If you’re looking for a less-discovered, uncrowded ancient historical site in Peru, consider Kuelap. It is located 45 miles (which takes about 2.5 hours due to a gravel road most of the way) south of Chachapoyas. The road is much improved from several years ago, when rains would make it nearly impassable. Our tour group included 13 people in a minivan. The tour cost 60 NS (1 USD = 2.8 nuevos soles) per person, and included lunch and the entry fee (10 NS). Most of the tourists were from Peru and other South American countries. When we arrived at the site, we were pleased to see just a few other minivans. After arriving at the parking lot, we hiked about 2.5 km up to the site itself.
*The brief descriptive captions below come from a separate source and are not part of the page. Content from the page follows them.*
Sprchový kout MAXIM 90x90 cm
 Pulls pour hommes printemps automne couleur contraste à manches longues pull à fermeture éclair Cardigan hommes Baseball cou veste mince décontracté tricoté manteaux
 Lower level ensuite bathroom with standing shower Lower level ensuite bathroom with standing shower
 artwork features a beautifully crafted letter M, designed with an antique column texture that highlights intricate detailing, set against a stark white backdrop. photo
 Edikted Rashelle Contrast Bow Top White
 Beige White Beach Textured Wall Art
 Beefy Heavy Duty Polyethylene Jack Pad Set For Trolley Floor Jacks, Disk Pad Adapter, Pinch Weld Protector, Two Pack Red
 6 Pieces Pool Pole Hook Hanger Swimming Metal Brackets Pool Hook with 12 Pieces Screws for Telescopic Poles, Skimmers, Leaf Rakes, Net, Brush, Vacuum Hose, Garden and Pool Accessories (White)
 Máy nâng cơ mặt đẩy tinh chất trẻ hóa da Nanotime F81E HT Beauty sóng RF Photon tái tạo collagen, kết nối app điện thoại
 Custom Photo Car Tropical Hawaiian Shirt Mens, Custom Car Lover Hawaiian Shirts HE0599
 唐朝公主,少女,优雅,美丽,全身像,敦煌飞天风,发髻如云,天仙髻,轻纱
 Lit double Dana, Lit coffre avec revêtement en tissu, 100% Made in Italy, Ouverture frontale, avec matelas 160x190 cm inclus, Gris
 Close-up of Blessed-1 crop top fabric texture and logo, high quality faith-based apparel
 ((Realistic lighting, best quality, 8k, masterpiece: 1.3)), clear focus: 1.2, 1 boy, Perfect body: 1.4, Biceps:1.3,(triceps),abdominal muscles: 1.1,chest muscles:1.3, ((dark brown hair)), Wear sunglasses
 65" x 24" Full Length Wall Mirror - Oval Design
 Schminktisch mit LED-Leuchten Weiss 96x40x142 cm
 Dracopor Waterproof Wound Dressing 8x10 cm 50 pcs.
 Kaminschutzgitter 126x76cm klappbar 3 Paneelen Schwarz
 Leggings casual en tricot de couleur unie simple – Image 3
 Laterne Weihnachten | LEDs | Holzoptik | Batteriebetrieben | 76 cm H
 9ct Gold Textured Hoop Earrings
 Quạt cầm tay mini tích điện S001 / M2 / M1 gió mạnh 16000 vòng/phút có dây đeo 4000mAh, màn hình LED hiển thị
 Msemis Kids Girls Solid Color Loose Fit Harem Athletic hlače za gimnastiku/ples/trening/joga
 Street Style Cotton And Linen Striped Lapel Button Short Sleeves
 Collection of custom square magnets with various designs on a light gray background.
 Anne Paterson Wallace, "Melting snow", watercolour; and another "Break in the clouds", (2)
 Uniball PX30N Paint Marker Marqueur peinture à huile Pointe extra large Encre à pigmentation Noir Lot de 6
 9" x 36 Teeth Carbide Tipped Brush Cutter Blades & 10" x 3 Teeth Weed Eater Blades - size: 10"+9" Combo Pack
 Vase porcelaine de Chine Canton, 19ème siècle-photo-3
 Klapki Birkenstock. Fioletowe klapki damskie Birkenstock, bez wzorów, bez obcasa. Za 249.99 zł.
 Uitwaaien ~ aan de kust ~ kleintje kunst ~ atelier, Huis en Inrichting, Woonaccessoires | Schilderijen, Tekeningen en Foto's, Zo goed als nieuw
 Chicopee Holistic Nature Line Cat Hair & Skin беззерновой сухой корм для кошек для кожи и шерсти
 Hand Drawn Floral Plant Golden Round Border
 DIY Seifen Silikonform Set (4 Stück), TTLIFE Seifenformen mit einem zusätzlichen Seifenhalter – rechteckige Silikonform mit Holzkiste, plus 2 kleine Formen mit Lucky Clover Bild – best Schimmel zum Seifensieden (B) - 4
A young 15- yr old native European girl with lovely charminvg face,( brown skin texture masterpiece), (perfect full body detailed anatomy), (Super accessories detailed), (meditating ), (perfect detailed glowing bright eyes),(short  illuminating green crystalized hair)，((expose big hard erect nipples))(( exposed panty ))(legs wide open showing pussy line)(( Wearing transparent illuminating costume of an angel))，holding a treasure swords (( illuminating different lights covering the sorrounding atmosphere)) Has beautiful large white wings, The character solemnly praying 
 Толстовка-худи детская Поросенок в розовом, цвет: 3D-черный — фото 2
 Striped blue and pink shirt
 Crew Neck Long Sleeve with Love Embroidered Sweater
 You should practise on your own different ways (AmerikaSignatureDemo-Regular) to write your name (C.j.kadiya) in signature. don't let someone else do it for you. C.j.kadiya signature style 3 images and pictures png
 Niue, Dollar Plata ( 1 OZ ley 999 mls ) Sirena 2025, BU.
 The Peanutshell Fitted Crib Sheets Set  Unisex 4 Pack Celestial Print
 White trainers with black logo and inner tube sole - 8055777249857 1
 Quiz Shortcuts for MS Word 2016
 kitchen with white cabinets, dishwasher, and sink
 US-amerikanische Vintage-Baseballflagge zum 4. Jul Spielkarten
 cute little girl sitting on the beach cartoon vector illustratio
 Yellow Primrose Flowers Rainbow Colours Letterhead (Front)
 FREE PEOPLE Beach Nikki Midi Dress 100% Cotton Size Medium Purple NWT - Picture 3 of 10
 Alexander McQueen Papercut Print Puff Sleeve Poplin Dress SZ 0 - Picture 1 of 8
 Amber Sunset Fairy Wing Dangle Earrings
I knew little about Kuelap, but enough to know it is one of the great sights in Peru and I wanted to see it. Kuelap dates to the 6th(?) century AD, constructed by the Chachapoyan people, who apparently were warriors, given the defensive nature of Kuelap. We don’t know much about these people, but they were described as a “tall and fair” people by the Inca—supposedly blonde and blue-eyed, and even today I understand that there are some people in the area that fit this description, but they are not European descendants. They were eventually conquered by the Inca around 1472, and Kuelap was inhabited until 1670 when it was abandoned during the Spanish Conquest. It is one of the largest pre-Inca ruins in existence, set on a 10,000 foot mountain top ridge. Massive walls (reaching up to 60 feet high) surround the site, which is 600 meters in length. It is believed that about 2,500 – 3,000 people inhabited about 400 or more homes (most of which are circular) in the site. The site’s construction reminded me of castles in Europe—well built, but not to the exacting standards of the Inca. Based on the skeleton remains and large numbers of skull surgeries at Kuelap, archeologists believe a “medical” school was located here.
The surrounding mountain scenery is beautiful, and from Kuelap, one is at equal height with most of the surrounding mountains.
Visit now before this incredible site welcomes crowds like those at Machu Picchu!